Due to the optimal path being only one of many paths, with varying amounts of similarities between one another. To find more "stable" CpG islands, i.e. islands that occur often in high probability paths, we look at the posterior probabilities if the paths.

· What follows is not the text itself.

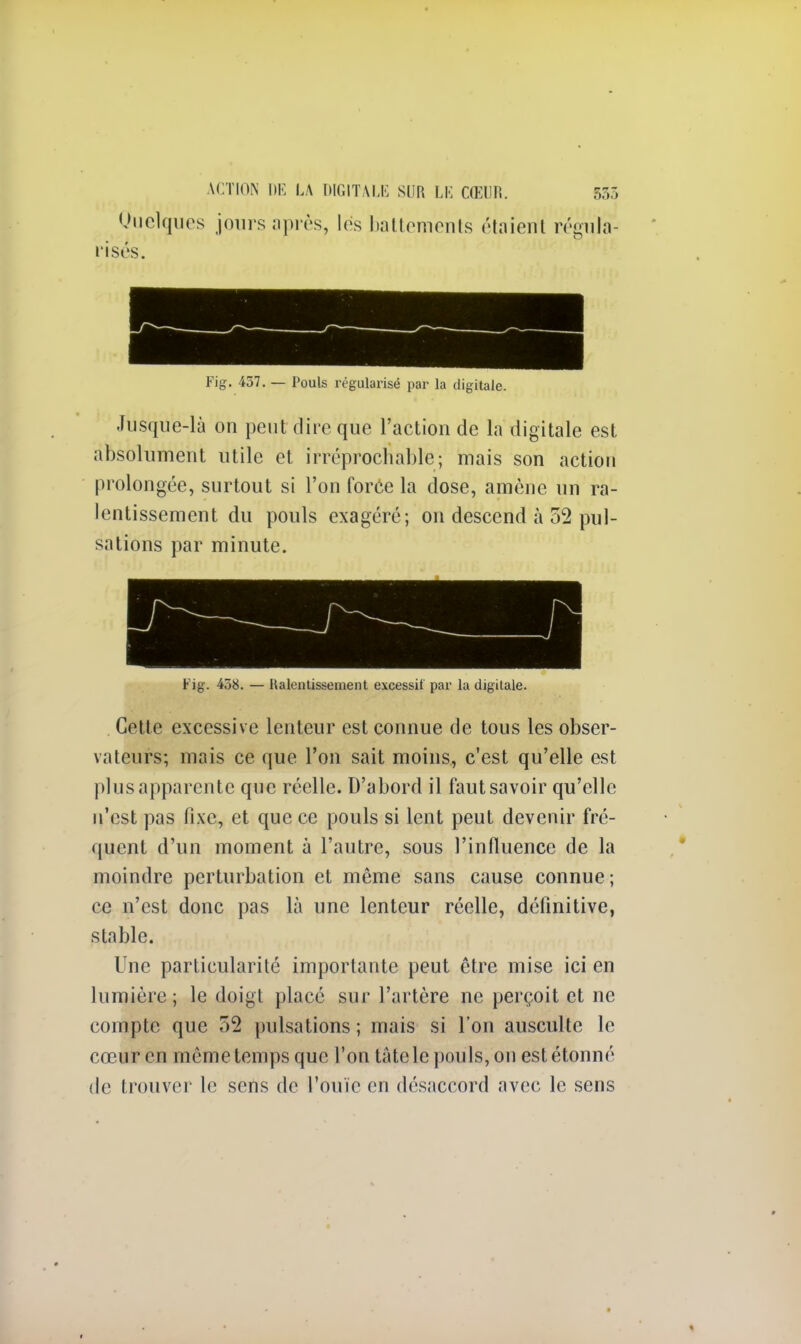 Quelques jours après, les battements étaient régula- risés. Fig. 457. — Pouls régularisé par la digitale. Jusque-là on peut dire que l'action de la digitale est absolument utile et irréprochable; mais son action prolongée, surtout si l'on force la close, amène un ra- lentissement du pouls exagéré; on descend à 52 pul- sations par minute. Fig. 458. — Ralentissement excessif par la digitale. Cette excessive lenteur est connue de tous les obser- vateurs; mais ce que l'on sait moins, c'est qu'elle est plus apparente que réelle. D'abord il faut savoir qu'elle n'est pas fixe, et que ce pouls si lent peut devenir fré- quent d'un moment à l'autre, sous l'influence de la moindre perturbation et même sans cause connue; ce n'est donc pas là une lenteur réelle, définitive, stable. Une particularité importante peut être mise ici en lumière; le doigt placé sur l'artère ne perçoit et ne compte que 52 pulsations ; mais si l'on ausculte le cœur en même temps que l'on tâtele pouls, on est étonné de trouver le sens de l'ouïe en désaccord avec le sens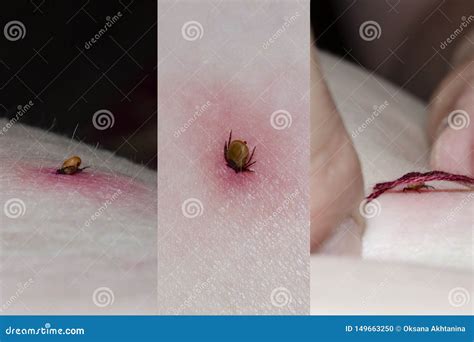 Tick with Its Head Sticking in Human Skin Stock Photo - Image of ...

The forward algorithm gives us the probability of a sequence taking into account that multiple paths can give rise to the same sequence of symbols. The total probability is given as

$$
P(\vec x) = \sum_{\pi} P(\vec x, \pi)
$$

This allows us to calculate the probabilities of individual paths as 

$$
P(\pi | \vec x) = \frac{P(\vec x, \pi)}{P(\vec x)} = \frac{P(\vec x, \pi)}{\sum_{\pi'} P(\vec x, \pi')}
$$

Here in the forward algorithm, we calculate the probability to end in state $k$ after reading the first $i$ symbols

$$
f_k(i) = P(x_1, ..., x_i, \pi_i = k)
$$

*Initialization*
- $f_S(\phi) = 1, f_k(\phi) = 0$ $\forall k$ state other than start

*Recursion*
- $f_k(i) = e_k(x_i) \underbrace{\sum_l (f_l(i-1) a_{lk})}_{\text{All previous paths transitioning to state } k}$

*Termination*
- $P(\vec x) = \sum_k (f_k(L) a_{kE})$

# Backward Algorithm

The backward algorithm gives us the probability of a sequence taking into account that multiple paths can give rise to the same sequence of symbols, but doing the computations from the end towards the beginning from the sequence. We calculate the probability of symbols $x_{i + 1}, ... , x_L$ starting in state $k$ at position $i$.

$$
b_k(i) = P(x_{i+1}, ..., x_L, \pi_i = k)
$$

*Initialization*
- $b_k(L) = a_{kE}$ $\forall k$

*Recursion*
- $b_k(i) = \sum_{l} b_l(i+1)e_l(x_{i+1})a_{kl}$

*Termination*
- $b_s(\phi) = P(x_1,...,x_L | \pi_0 = S) = P(\vec x) = \sum_k b_k(1) e_k(x_1)a_{Sk}$

# Most probable State

The forward backward prob can be seen as the total probability from paths, where position $i$ is in state $k$. The forward, as the name suggest looks at all the paths from $0$ to $i$ and the backwards looks at all the paths from $L$ to $i$.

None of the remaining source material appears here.